I imagine most of the posters here are bigger HP fans than I am. Still, I’ll say that this was easily the best of the movies so far (Chris Columbus not directing helped). I thought it was the best book, too.

I found the New York Times review pretty much captured my feelings- the big thing was that this movie felt like it was adapted instead of just copied from the book. It was better to look at, that’s for sure. I liked the new grounds. It sounds like some traditional Harry Potter stuff got cut, but it let the drama flow much better.

It’s not like it’s going to hurt the gross. :wink:

Last thing: am I the only one who thought David Thewlis looked like Jeffrey Jones (Ed Rooney from Ferris Bueller’s Day Off)?

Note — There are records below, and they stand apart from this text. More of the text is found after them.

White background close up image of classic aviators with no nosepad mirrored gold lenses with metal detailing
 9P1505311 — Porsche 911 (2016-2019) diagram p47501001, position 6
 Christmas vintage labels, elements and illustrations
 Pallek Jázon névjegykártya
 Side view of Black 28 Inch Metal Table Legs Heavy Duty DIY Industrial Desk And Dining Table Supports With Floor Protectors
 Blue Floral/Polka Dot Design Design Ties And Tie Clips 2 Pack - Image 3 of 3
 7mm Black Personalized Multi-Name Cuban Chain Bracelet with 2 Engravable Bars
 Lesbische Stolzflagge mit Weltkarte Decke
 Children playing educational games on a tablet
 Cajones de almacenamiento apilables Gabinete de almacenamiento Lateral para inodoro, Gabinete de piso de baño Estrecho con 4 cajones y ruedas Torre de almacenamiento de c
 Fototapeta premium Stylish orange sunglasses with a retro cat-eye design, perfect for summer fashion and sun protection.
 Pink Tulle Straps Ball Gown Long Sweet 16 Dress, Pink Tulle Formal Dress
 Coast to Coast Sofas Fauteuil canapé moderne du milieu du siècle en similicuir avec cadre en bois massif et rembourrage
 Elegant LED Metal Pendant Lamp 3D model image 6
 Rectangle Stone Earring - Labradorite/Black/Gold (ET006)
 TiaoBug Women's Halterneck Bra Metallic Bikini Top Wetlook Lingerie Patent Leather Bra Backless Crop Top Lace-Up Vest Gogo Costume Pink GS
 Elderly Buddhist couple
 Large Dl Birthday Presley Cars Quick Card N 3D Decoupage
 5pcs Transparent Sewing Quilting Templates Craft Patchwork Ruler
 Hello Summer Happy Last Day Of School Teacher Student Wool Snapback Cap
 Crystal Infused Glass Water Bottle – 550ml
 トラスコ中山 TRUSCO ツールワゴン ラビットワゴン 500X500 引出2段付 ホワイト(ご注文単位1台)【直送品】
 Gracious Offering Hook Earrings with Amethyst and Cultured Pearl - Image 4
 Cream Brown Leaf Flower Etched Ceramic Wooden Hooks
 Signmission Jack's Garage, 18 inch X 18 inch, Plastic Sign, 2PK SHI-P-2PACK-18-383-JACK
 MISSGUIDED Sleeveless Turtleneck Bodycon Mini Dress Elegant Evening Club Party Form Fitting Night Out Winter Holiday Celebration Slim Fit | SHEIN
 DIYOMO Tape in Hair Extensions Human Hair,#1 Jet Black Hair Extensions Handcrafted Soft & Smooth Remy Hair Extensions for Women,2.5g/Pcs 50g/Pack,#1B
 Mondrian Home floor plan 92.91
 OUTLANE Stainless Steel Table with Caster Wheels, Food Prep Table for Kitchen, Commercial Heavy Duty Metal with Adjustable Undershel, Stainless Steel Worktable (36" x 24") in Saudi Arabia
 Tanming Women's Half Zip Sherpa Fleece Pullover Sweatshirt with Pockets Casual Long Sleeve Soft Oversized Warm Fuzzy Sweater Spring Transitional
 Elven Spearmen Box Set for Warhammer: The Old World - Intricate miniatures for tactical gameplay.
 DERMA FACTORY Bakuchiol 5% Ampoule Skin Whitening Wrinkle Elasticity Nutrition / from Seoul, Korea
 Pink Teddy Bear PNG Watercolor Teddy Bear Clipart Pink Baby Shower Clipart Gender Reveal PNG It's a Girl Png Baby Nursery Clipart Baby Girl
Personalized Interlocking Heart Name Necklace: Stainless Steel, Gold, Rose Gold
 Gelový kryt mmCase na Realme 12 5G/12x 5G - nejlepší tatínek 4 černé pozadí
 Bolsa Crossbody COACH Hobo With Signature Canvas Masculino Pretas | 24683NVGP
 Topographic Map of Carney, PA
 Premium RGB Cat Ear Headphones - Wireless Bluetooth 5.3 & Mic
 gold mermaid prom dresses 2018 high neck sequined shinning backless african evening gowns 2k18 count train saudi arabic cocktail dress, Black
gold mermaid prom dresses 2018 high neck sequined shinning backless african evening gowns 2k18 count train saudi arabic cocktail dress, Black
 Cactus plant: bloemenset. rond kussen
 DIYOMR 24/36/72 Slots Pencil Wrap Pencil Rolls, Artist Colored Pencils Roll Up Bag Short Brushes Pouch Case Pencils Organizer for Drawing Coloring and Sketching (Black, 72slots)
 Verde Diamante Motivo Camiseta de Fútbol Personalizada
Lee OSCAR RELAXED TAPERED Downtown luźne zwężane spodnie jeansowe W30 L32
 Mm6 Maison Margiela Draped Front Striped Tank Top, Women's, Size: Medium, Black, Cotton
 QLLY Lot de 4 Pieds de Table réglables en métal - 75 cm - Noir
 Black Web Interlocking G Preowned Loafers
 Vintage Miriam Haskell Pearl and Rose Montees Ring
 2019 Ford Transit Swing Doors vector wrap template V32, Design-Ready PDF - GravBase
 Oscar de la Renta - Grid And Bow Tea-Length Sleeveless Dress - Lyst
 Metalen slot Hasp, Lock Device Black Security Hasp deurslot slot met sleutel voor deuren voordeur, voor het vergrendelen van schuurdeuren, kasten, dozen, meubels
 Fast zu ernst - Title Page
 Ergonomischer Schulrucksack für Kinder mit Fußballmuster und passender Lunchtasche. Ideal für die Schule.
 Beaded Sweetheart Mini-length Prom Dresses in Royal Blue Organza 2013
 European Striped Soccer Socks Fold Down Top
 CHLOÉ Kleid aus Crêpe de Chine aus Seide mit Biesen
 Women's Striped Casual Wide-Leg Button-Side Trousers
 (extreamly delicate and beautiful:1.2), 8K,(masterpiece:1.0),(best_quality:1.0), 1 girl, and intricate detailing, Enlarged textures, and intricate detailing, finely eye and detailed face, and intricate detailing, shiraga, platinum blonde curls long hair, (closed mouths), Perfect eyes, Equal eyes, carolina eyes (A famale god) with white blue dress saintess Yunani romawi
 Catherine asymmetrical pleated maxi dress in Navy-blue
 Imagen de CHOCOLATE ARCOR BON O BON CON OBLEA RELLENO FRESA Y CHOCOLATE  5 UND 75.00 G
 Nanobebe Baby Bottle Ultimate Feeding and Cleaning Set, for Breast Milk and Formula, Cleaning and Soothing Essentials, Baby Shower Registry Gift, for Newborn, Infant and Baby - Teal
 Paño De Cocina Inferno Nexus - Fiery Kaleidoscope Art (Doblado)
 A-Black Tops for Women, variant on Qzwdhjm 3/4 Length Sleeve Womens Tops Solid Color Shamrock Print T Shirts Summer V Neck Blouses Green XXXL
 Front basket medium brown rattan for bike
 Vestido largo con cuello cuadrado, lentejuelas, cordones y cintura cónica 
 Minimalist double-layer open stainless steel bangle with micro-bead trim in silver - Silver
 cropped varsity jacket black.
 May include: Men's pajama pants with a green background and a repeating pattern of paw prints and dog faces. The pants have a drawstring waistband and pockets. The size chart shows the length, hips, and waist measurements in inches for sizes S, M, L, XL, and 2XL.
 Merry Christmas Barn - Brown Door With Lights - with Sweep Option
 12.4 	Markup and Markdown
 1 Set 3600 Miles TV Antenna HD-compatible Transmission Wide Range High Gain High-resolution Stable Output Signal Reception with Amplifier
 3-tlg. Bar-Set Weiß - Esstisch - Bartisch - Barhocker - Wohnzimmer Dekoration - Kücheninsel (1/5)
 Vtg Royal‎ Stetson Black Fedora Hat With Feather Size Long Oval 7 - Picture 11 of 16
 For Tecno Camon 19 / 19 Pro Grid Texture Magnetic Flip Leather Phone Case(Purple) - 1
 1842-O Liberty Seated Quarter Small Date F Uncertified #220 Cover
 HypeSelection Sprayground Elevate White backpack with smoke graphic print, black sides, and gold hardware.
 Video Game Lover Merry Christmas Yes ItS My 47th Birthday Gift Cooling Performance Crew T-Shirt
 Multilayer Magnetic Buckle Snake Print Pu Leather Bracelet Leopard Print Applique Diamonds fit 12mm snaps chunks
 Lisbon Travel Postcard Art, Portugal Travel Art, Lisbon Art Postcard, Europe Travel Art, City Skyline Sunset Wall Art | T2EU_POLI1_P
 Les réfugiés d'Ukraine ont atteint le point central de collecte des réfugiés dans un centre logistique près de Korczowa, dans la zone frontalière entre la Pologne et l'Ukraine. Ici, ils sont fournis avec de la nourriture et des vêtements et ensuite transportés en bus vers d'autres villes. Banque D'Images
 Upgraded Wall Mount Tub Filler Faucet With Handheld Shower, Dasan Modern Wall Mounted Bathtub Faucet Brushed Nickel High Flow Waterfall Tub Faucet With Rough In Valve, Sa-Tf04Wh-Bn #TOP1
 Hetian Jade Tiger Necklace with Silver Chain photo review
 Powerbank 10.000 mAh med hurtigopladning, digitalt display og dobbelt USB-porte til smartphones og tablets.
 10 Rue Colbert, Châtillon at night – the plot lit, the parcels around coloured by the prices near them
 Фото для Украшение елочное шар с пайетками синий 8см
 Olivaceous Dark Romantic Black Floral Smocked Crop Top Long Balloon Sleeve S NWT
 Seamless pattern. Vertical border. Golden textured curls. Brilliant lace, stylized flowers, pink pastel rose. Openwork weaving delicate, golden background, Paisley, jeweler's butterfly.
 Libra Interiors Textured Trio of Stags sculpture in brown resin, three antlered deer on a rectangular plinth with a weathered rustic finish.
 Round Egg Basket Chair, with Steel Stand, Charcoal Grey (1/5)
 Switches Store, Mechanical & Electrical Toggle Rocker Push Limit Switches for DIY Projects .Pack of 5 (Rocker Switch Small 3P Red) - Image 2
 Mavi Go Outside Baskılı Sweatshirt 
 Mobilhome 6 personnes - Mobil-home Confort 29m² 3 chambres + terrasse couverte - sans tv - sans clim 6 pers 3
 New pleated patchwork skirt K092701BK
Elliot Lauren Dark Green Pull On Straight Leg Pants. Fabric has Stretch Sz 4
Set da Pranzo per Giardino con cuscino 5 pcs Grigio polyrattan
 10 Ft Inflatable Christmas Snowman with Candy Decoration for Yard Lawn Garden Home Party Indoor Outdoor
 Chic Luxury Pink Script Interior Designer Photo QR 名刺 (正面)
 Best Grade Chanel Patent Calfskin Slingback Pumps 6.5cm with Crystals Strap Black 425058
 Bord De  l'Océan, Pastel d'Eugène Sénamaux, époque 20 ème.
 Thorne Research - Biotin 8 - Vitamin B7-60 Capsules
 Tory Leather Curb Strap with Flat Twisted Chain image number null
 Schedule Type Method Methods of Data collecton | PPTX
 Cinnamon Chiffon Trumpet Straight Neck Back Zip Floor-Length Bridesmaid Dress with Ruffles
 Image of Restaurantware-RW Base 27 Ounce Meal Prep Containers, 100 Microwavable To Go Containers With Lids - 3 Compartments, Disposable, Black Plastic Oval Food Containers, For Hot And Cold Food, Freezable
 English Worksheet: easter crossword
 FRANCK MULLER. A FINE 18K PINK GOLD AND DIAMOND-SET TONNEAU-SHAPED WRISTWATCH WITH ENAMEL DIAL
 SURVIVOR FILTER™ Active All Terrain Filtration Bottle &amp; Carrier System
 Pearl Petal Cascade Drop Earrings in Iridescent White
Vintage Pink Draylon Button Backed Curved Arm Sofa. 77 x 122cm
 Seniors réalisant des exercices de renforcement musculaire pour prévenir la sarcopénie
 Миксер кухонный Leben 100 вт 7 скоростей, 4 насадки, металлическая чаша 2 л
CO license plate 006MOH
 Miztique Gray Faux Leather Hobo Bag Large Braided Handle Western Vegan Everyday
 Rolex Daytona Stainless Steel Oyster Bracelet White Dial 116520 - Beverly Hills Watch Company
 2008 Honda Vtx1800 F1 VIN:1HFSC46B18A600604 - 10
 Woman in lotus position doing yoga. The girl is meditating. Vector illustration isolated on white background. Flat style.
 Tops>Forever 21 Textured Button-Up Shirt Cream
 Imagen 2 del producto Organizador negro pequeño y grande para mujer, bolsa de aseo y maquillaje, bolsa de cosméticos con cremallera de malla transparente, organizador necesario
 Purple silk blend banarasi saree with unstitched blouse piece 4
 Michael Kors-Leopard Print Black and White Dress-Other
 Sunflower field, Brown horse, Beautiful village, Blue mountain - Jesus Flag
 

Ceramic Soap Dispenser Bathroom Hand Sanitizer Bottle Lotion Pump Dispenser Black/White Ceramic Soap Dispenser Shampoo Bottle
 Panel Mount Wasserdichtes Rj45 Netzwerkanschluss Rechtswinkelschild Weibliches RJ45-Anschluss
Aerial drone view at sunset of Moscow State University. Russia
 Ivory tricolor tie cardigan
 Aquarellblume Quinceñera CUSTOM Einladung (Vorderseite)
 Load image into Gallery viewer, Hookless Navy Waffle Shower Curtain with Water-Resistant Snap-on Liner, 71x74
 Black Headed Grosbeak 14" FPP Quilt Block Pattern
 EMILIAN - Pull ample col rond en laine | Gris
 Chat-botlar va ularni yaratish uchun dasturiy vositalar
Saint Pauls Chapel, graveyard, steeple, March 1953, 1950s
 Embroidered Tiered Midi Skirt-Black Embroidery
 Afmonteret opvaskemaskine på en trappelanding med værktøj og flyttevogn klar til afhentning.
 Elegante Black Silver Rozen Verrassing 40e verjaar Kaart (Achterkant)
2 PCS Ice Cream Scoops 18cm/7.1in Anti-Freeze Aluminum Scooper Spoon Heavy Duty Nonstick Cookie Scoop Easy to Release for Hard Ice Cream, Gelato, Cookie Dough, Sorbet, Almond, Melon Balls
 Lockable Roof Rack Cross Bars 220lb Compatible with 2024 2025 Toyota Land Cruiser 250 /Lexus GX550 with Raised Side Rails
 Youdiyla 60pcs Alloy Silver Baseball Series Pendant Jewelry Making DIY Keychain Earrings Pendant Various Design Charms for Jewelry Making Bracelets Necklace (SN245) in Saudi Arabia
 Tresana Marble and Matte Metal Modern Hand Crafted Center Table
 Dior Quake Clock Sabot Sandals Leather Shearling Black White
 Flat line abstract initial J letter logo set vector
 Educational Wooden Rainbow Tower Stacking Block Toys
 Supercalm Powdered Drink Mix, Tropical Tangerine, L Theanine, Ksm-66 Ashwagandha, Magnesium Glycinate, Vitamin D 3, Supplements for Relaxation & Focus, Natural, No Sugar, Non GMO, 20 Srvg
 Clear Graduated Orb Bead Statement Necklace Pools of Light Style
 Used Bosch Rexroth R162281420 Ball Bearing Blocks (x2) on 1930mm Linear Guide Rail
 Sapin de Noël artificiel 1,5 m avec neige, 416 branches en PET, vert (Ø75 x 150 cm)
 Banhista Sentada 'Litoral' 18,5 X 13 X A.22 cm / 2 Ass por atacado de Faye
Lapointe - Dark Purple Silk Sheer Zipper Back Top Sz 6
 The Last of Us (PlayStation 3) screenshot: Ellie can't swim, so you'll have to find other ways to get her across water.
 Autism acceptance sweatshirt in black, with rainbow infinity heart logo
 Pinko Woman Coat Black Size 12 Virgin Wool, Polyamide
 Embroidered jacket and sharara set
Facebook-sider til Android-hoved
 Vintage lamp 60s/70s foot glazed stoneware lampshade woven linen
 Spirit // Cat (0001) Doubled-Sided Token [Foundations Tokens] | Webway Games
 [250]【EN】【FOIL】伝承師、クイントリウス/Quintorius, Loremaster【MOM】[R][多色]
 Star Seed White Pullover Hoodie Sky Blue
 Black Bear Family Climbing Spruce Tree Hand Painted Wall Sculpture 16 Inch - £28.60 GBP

Ok, I saw it last night, so now I can read this thread and talk about it.

Overally, I liked it. Really liked the new Hogwarts grounds - definitely a reminder that this is an old school. I think I would have liked CoS a lot better if there had been some of that darkness to the school and grounds. The kids are doing much better as actors - and since the ones that play Fred and George annoy me so much, I’m glad they didn’t get as much screen time (even with their new looks. That just creeped me out).

Did anyone else notice the incredible increase in diversity among the students? I think that it would be likely that the school had a variety of students, but there’s such a huge increase between the first two movies and this one that it seems really obvious, at least to me. Maybe it’s sort of supposed to be that Harry’s more aware of the people at the school - not just those who arrived with him.


I got a laugh out of it too - but it wasn’t exactly in the book, because of all the emphasis on how underage wizards are not allowed to use magic outside of school. Instead, he’s writing an essay under the blankets.
The one scene that made me groan is when Harry rides Buckbeak for the first time - when he was flying over the water and spread his arms out, I had this sudden though of I’m the king of the world!, and got the giggles because of it.

Draco was obnoxious, as usual, but this was much more of the obnoxiousness of the very rich, I think. A boy who’s been given everything - not just making him cartoonishly evil, but giving H, R & H more reasons to dislike him than just his dislike of muggle-born wizards & witches.